Table 4. Analysis of Variance from Analyzing Residuals from Region-Specific Relationships (log(Chla)–log(TN) Relationship in Figure 11C) vs. log(TP) with an Intercept Specific to the Coastal Ecosystem, i.e., Residual = α_ecosystem + β × log(TP)^a.

		TP-dependent slope			ecosystem-specific intercept
region	dferror	β	F	p	dfecosystem	F	p
Chesapeake Bay	141	–0.30	4.13	0.0440	7	5.36	<0.0001
Denmark coast	245	–0.07	2.32	0.1289	10	24.07	<0.0001
Tampa Bay	99	0.24	13.46	0.0004	4	17.42	<0.0001
Wadden Sea	184	–0.21	10.45	0.0015	7	31.14	<0.0001

^aResiduals were weighted by the inverse variance of the annual Chla means.

Discussion

Widespread evidence of coastal eutrophication starting in the 1970s led scientists to develop predictive frameworks to guide nutrient abatement plans, building on early experiences from freshwater management.^14,15 Our mechanistic understanding of eutrophication processes has evolved in parallel from simple nutrient-driven relationship to complex models involving various trophic levels and ecosystem-specific features.(8) Yet, the belief that phytoplankton biomass should decline with decreasing nutrient inputs, and thus concentrations, in a manner similar to the way it increased remains a pervasive principle in the management of coastal ecosystem (e.g., (12)). The results presented challenge this belief, with important implications for nutrient management and the evaluation of its effectiveness.

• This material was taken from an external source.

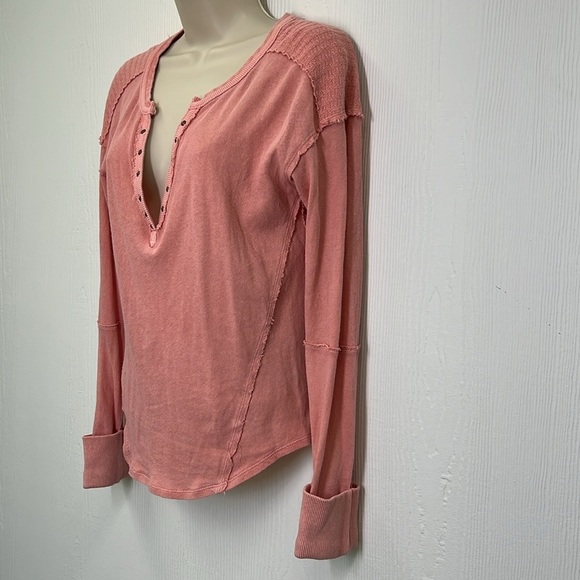 Free People - Military Mix Cotton Studded Long Sleeve Cuff Henley Size Small - Picture 7 of 11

Nutrient inputs from land and atmosphere can be controlled by appropriate management measures, but nutrient inputs from sediments(28) and exchanges over the open boundary(29) can also be considerable. Except for systems with strong light limitation increasing inputs of nutrients enhances phytoplankton growth and consequently biomass,^8,30 but total inputs from all nutrient sources are difficult to estimate, resulting in poor relationships between nutrient loading from land and phytoplankton production.(31) Total nutrient concentrations, representing a balance between inputs and losses, constitute good general predictors for phytoplankton biomass(31) and can be linked to nutrient input from land through system-specific relations (e.g., (32)). Therefore, a general relationship describing the effect of nutrient enrichment on phytoplankton biomass would be expected for total nutrient concentrations.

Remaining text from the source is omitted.